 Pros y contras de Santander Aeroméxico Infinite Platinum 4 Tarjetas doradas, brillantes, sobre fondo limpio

* * *

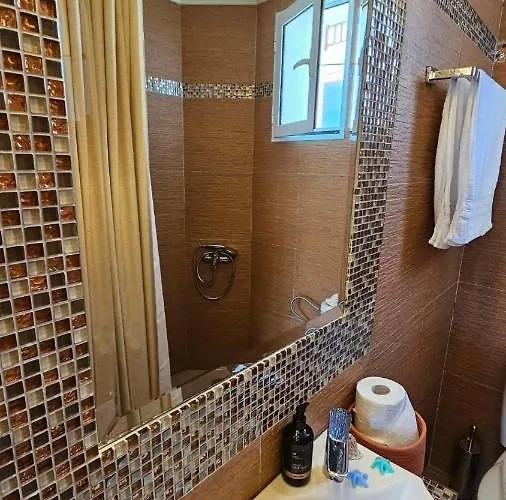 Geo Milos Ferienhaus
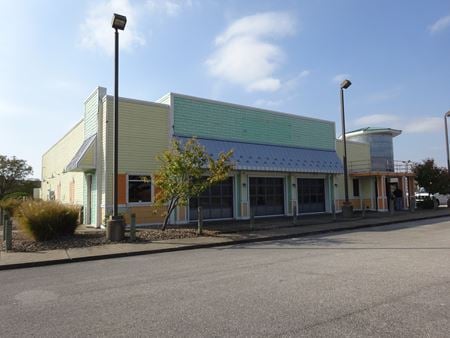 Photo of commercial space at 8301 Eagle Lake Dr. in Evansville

* * *

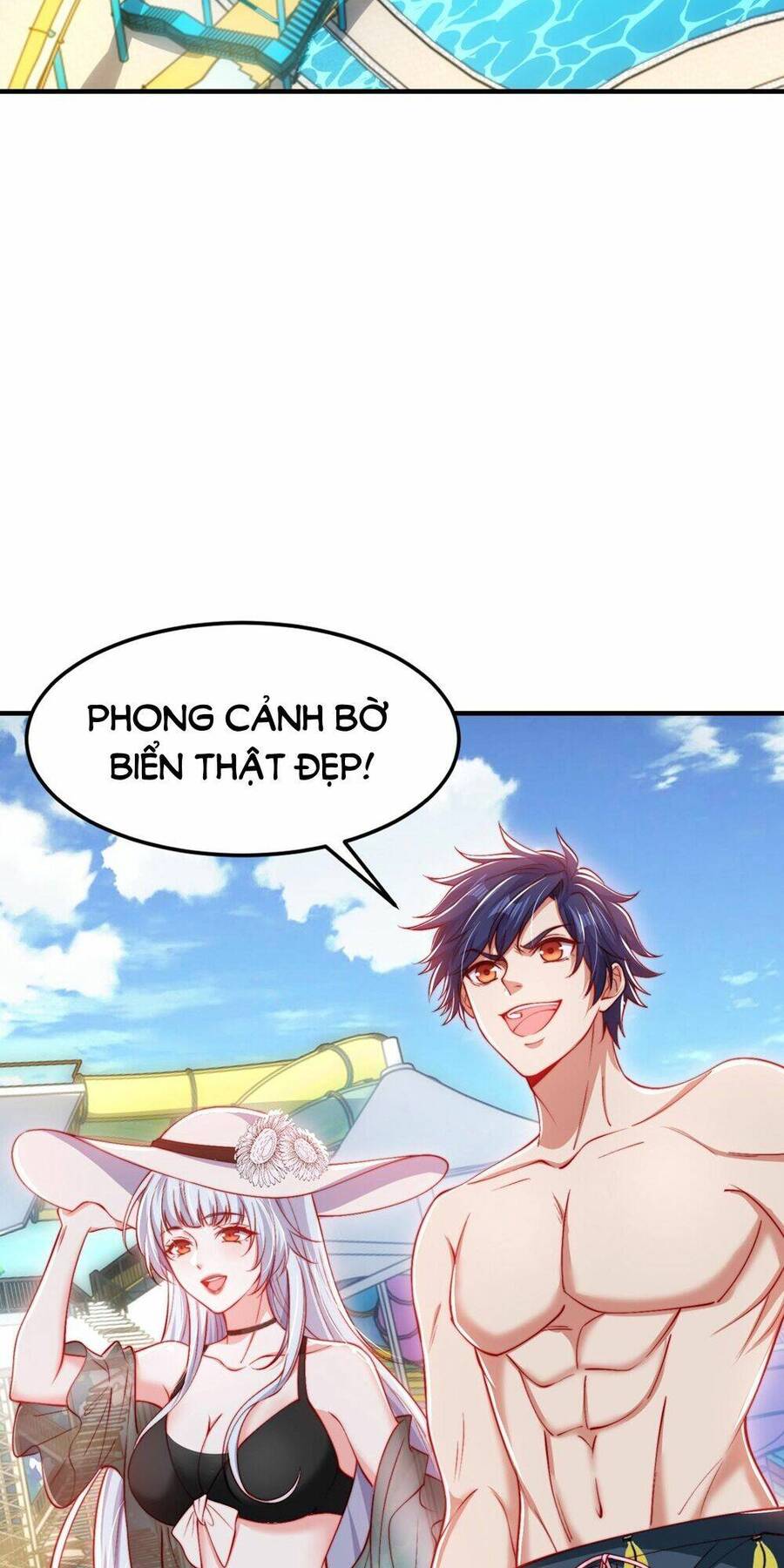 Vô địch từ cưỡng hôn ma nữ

_Your assignment_: Look back at the data above, then output exactly the lines from the line holding "Geo Milos Ferienhaus" up to and including the line holding "Photo of commercial". Leave out the pictures.

_Answer area_:
 Geo Milos Ferienhaus
 Photo of commercial space at 8301 Eagle Lake Dr. in Evansville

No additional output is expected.